Yani siz espriyi düşünürsünüz, okuyanların dinleyenlerin üzerinde sanki mide boşluklarına yumruk yemiş (punch-line) etkisi yapacak o espriye ulaşmak üzere geri kalan cümleleri oluşturursunuz. O diğer cümlelerin o kritik ana ulaşmaya yardımcı olmak dışında başka hiçbir işlevi, anlamı yoktur. O cümlelerin anlamlı bir fikir içermeleri de gerekmez yeter ki son cümleye gidilecek yolu iyi açsınlar, son etkiyi güçlendirmek için okuyanda patlamaya hazır bir enerji birikimi sağlasınlar ve o son cümle söylenince mide boşluğumuza yiyeceğimiz yumruğun etkisi de daha güçlü olsun. Yumruğu yiyince de elinizde olmadan içinizde birikmiş olan enerjiyi salarsınız.
ZEKÂ İŞİDİR:
Aslında bu zor bir yazarlık türüdür. Zekâ ister gerekli son cümleye giden yolu iyi kurabilmek.

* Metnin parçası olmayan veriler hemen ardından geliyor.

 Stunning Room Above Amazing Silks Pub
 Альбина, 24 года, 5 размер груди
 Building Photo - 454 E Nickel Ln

Yılmaz Özdil'de de zekâ bolca var, yazarlık yeteneği de çok iyi; sonuçta güzel yazılar çıkıyor ortaya.
ANLAMI KAÇIRMAK:
Ancak bazen yumruk etkili alaycı yazılar uğruna anlam ve içerik feda ediliyor gibi geliyor bana.

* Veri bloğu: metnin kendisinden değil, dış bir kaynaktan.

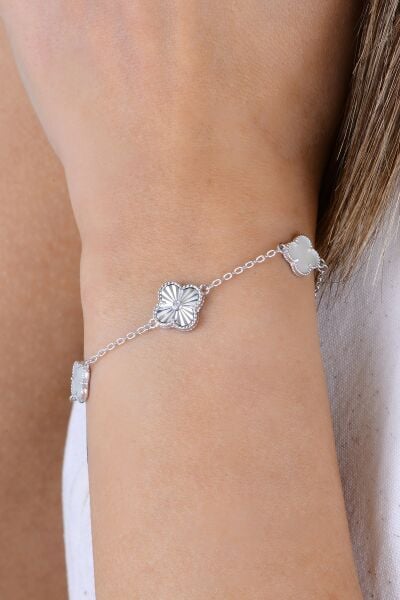 Gümüş rodyumlu lazer işlemi sedef taşlı clover yonca bileklik SGTL12928BEYAZ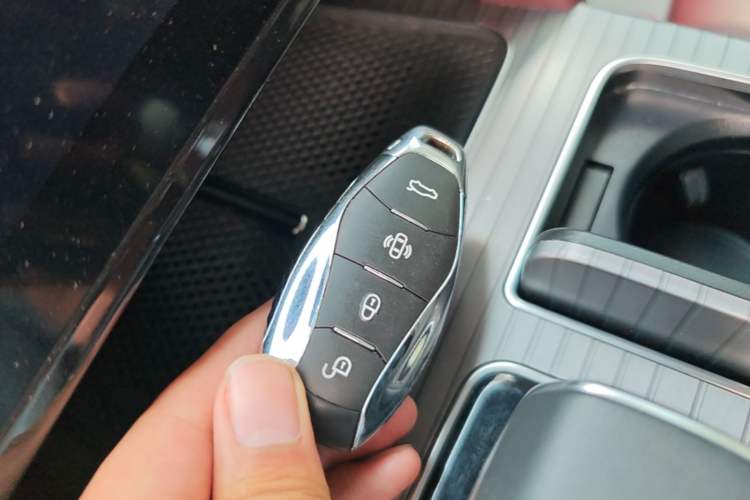 Used Hongqi HS7 PHEV 2024 2.0T PHEV Four-Wheel Drive Flagship Edition 6 Seats Vehicle Key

Bazen siz yumruk etkili alaycı yazılar yazdığınızda o yazının toplumun genelinde ele alınan konuda bir anlam bulma, makul olana ulaşma çabasına inanılmaz bir duvar çektiğinizi görmelisiniz.

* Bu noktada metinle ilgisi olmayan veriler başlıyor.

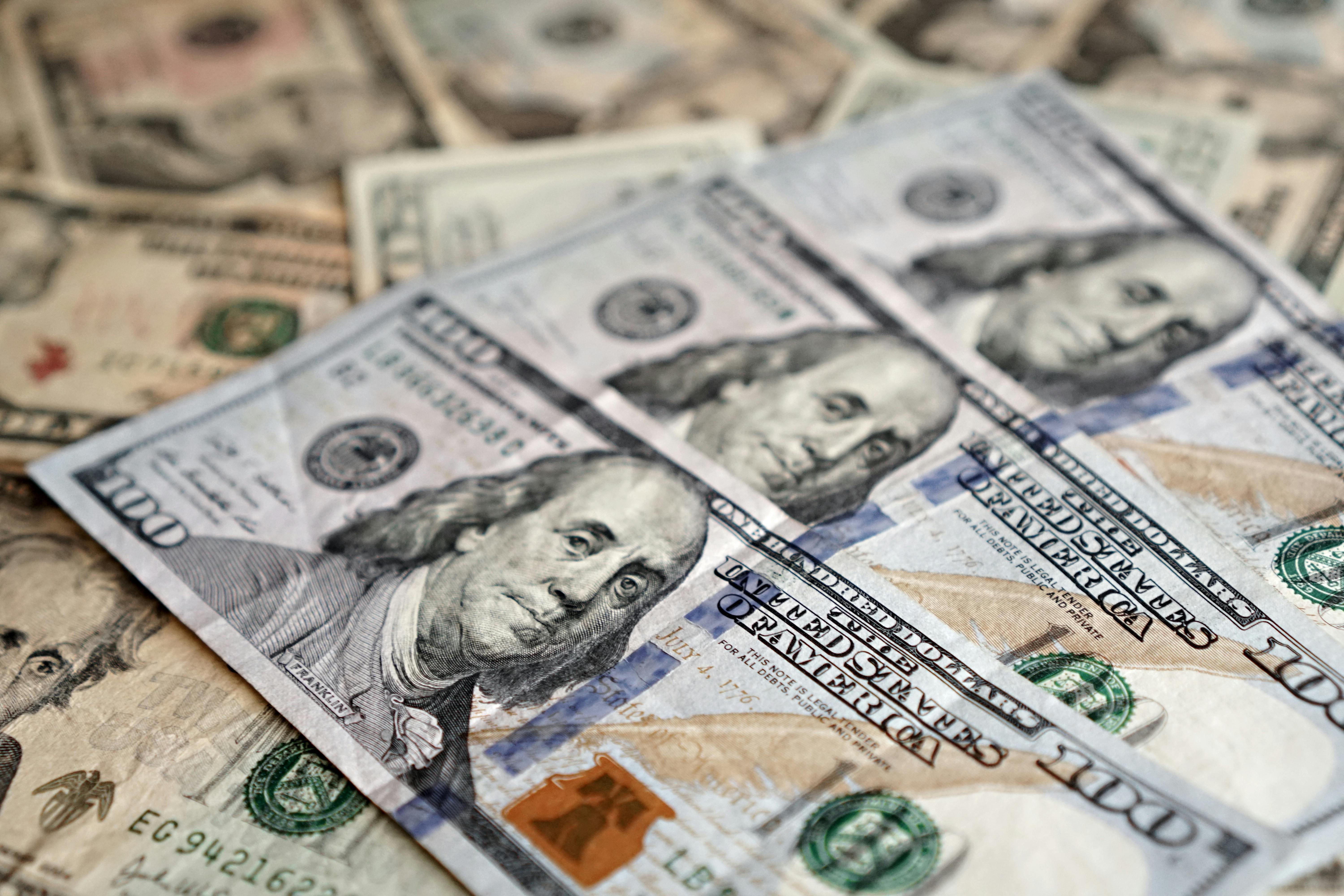 Franklin Resources (NYSE:BEN) Receives 'Buy' Rating Amid Strong AUM Growth and New ETF Launch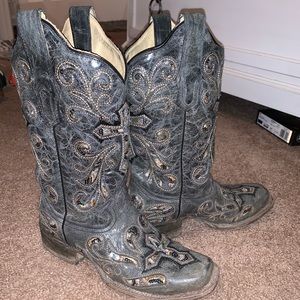 Corral boots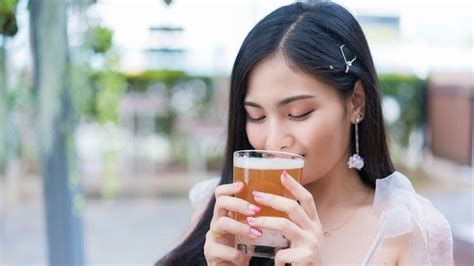 August 4, 2017 international beer day is a global celebration of beer, taking place in pubs, breweries, and backyards all over the world. Міжнародний день пива: користь напою, як його обрати та скільки він коштує | Факти ICTV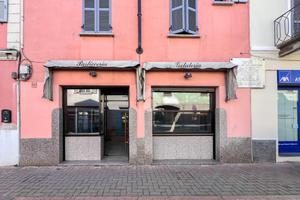 NEGOZIO A CASTIGLIONE D'ADDA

Genelde anlam bulma, makul olana ulaşma çabasında olan insanların en çok karşılaştığı sorun, meseleleri sadece basite indergeyerek anlayabilen kitlelerin tepkileridir. Onlar her meselenin kökenine, temel içgüdüye indirilmesini kendi anlayacakları düzeye çekilmesini talep ederler. Bu tür insanlar şovenizm sınırlarında dolaşan milliyetçi kesimde bol bulunur. Bunlardan her kesimde vardır ama milliyetçiler arasında sayıları nedense daha çoktur.
TEMEL İÇGÜDÜYLE DÜŞÜNEBİLENLER:
Bu tür kitlelerin bir başka özelliği de; kendi arzuladıkları ve anlayabildikleri düzeyde bir yazı, bir konuşma buldukları zaman en çok alkışı ona vermeleridir. Onlar çok fazla kuru gürültü yaparlar. Bu kuru gürültüyü tetiklemek çok kolaydır ve bunu bir defa gören yazar da sık sık o yöne gidebilir. O yazar bir de zekiyse o kitleyi istediği gibi manipüle de eder.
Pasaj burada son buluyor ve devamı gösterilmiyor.